The agitation for the women's vote was first begun in Norway about 1885. It was begun by women. By their cogent arguments and spirited demonstrations of the injustice of excluding them from public rights they aroused the conscience of the people. From the first they obtained the sympathy and support of the Labour parties and a good many of the Liberal party. Proposals for granting the parliamentary suffrage to women were repeatedly submitted to the Storthing, and in several divisions obtained considerable support; but as the reform involved a change in the Constitution, and a majority of two-thirds was therefore required, it was long before the measure could be carried.

The opposition to the vote for women was based upon the principle that woman's place is at home, and that her participation in public life is not conformable or consistent with woman's nature and capacity.
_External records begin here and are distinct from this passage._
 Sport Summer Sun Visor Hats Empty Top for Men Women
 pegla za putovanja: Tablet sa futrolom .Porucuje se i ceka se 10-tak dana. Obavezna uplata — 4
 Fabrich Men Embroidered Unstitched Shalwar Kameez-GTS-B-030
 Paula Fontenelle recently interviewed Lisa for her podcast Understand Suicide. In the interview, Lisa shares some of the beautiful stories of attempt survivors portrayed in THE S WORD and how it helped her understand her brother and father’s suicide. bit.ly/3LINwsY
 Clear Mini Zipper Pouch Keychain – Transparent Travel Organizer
The adherents of the reform, on the other hand, maintained:

That the woman's vote would not interfere with her duties as wife and mother;

That the interests of the family would be strengthened by husband and wife having two votes instead of one in cases where both were agreed upon great public questions, the vote being thus, in a sense, a reward for domestic political concord;

That in all countries the industrial system has forced a very large number of women to take a prominent part in producing the wealth of the community;

That women as a whole, married and unmarried, have quite as great, important, and heavy duties to perform towards mankind and society as men have;

That the women's vote would develop the social and public spirit of women, and thus prove a valuable educative force, as manhood suffrage had proved in the case of men ;

That the general welfare of the people would be promoted by

the exercise of the peculiarly womanly interests, faculties, and opinions;

That, as the people consist of women as well as men, the principle of self-government requires the equal admittance of all citizens, regardless of sex, for the purpose of influencing the Government and its legislation; and

That the admission of women into the body of voting citizens is, therefore, only a simple act of justice.

When the universal parliamentary franchise for men was carried in 1898, the attitude of the Conservatives was somewhat altered. Many of them were now induced to support the women's vote as a Conservative force in public life. When the universal municipal franchise for men was carried three years later, in 1901, the grant of a limited municipal vote for women followed, enfranchising for municipal purposes three-fifths of all married and unmarried women over twenty-five years of age. The women have now exercised their right to vote at municipal elections since 1901, and their activity has varied in different parts of the country and chiefly in the towns. In the aggregate, however, it has increased at each election. The number of women voters rose from 78,000 in 1901 to 91,000 in 1907. The proportion of actual women voters to the total number of enfranchised women rose in the towns from 48 per cent. in 1901 to 63 per cent. in 1907, the last figure being considerably greater than the percentage of men who went to the poll in 1901. About 150 women have been elected as members of County Councils. Women are members of all the school boards, and often sit on juries.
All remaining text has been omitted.